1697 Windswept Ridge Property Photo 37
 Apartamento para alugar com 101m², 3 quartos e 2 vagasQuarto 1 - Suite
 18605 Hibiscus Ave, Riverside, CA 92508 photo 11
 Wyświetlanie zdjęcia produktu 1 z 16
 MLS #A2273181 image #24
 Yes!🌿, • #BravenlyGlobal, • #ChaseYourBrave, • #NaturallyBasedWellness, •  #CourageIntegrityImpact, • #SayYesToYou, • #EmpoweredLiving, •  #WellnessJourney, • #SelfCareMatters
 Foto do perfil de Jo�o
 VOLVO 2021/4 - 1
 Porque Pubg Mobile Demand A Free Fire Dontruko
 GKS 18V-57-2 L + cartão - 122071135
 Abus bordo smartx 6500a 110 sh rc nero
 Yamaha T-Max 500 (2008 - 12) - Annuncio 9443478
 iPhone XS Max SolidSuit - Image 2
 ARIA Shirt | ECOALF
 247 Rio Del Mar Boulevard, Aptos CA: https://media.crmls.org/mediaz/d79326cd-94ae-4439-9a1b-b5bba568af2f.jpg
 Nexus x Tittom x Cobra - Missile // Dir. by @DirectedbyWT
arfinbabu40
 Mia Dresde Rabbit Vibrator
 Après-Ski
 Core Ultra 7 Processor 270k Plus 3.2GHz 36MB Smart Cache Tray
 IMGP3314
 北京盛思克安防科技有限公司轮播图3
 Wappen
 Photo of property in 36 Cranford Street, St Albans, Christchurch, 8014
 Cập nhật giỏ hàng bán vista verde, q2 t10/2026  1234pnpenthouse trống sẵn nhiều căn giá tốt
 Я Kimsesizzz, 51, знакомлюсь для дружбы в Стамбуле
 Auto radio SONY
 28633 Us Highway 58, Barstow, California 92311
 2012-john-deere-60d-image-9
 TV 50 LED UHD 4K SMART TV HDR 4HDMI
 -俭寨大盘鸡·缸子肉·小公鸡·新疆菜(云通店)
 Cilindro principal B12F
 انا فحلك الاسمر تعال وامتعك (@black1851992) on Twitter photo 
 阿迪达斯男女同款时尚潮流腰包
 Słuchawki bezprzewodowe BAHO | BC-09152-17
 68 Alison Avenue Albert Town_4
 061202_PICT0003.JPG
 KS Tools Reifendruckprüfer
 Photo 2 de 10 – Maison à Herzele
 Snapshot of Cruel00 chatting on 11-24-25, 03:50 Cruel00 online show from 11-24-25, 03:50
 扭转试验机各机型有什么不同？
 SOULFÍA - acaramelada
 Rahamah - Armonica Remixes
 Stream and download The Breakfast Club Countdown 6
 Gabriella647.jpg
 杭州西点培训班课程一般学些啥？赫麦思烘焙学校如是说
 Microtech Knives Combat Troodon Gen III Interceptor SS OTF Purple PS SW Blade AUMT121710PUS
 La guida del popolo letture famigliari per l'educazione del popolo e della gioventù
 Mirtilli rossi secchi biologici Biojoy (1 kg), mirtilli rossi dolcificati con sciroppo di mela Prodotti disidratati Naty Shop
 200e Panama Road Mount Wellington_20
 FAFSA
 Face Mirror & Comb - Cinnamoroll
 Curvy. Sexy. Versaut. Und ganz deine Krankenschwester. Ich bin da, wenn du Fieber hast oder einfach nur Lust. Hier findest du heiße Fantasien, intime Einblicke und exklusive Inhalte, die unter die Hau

== == ==

EXERCISE PROMPT.
Could every entry be given again exactly, with no line skipped?

COMPLETED EXERCISE.
1697 Windswept Ridge Property Photo 37
 Apartamento para alugar com 101m², 3 quartos e 2 vagasQuarto 1 - Suite
 18605 Hibiscus Ave, Riverside, CA 92508 photo 11
 Wyświetlanie zdjęcia produktu 1 z 16
 MLS #A2273181 image #24
 Yes!🌿, • #BravenlyGlobal, • #ChaseYourBrave, • #NaturallyBasedWellness, •  #CourageIntegrityImpact, • #SayYesToYou, • #EmpoweredLiving, •  #WellnessJourney, • #SelfCareMatters
 Foto do perfil de Jo�o
 VOLVO 2021/4 - 1
 Porque Pubg Mobile Demand A Free Fire Dontruko
 GKS 18V-57-2 L + cartão - 122071135
 Abus bordo smartx 6500a 110 sh rc nero
 Yamaha T-Max 500 (2008 - 12) - Annuncio 9443478
 iPhone XS Max SolidSuit - Image 2
 ARIA Shirt | ECOALF
 247 Rio Del Mar Boulevard, Aptos CA: https://media.crmls.org/mediaz/d79326cd-94ae-4439-9a1b-b5bba568af2f.jpg
 Nexus x Tittom x Cobra - Missile // Dir. by @DirectedbyWT
arfinbabu40
 Mia Dresde Rabbit Vibrator
 Après-Ski
 Core Ultra 7 Processor 270k Plus 3.2GHz 36MB Smart Cache Tray
 IMGP3314
 北京盛思克安防科技有限公司轮播图3
 Wappen
 Photo of property in 36 Cranford Street, St Albans, Christchurch, 8014
 Cập nhật giỏ hàng bán vista verde, q2 t10/2026  1234pnpenthouse trống sẵn nhiều căn giá tốt
 Я Kimsesizzz, 51, знакомлюсь для дружбы в Стамбуле
 Auto radio SONY
 28633 Us Highway 58, Barstow, California 92311
 2012-john-deere-60d-image-9
 TV 50 LED UHD 4K SMART TV HDR 4HDMI
 -俭寨大盘鸡·缸子肉·小公鸡·新疆菜(云通店)
 Cilindro principal B12F
 انا فحلك الاسمر تعال وامتعك (@black1851992) on Twitter photo 
 阿迪达斯男女同款时尚潮流腰包
 Słuchawki bezprzewodowe BAHO | BC-09152-17
 68 Alison Avenue Albert Town_4
 061202_PICT0003.JPG
 KS Tools Reifendruckprüfer
 Photo 2 de 10 – Maison à Herzele
 Snapshot of Cruel00 chatting on 11-24-25, 03:50 Cruel00 online show from 11-24-25, 03:50
 扭转试验机各机型有什么不同？
 SOULFÍA - acaramelada
 Rahamah - Armonica Remixes
 Stream and download The Breakfast Club Countdown 6
 Gabriella647.jpg
 杭州西点培训班课程一般学些啥？赫麦思烘焙学校如是说
 Microtech Knives Combat Troodon Gen III Interceptor SS OTF Purple PS SW Blade AUMT121710PUS
 La guida del popolo letture famigliari per l'educazione del popolo e della gioventù
 Mirtilli rossi secchi biologici Biojoy (1 kg), mirtilli rossi dolcificati con sciroppo di mela Prodotti disidratati Naty Shop
 200e Panama Road Mount Wellington_20
 FAFSA
 Face Mirror & Comb - Cinnamoroll
 Curvy. Sexy. Versaut. Und ganz deine Krankenschwester. Ich bin da, wenn du Fieber hast oder einfach nur Lust. Hier findest du heiße Fantasien, intime Einblicke und exklusive Inhalte, die unter die Hau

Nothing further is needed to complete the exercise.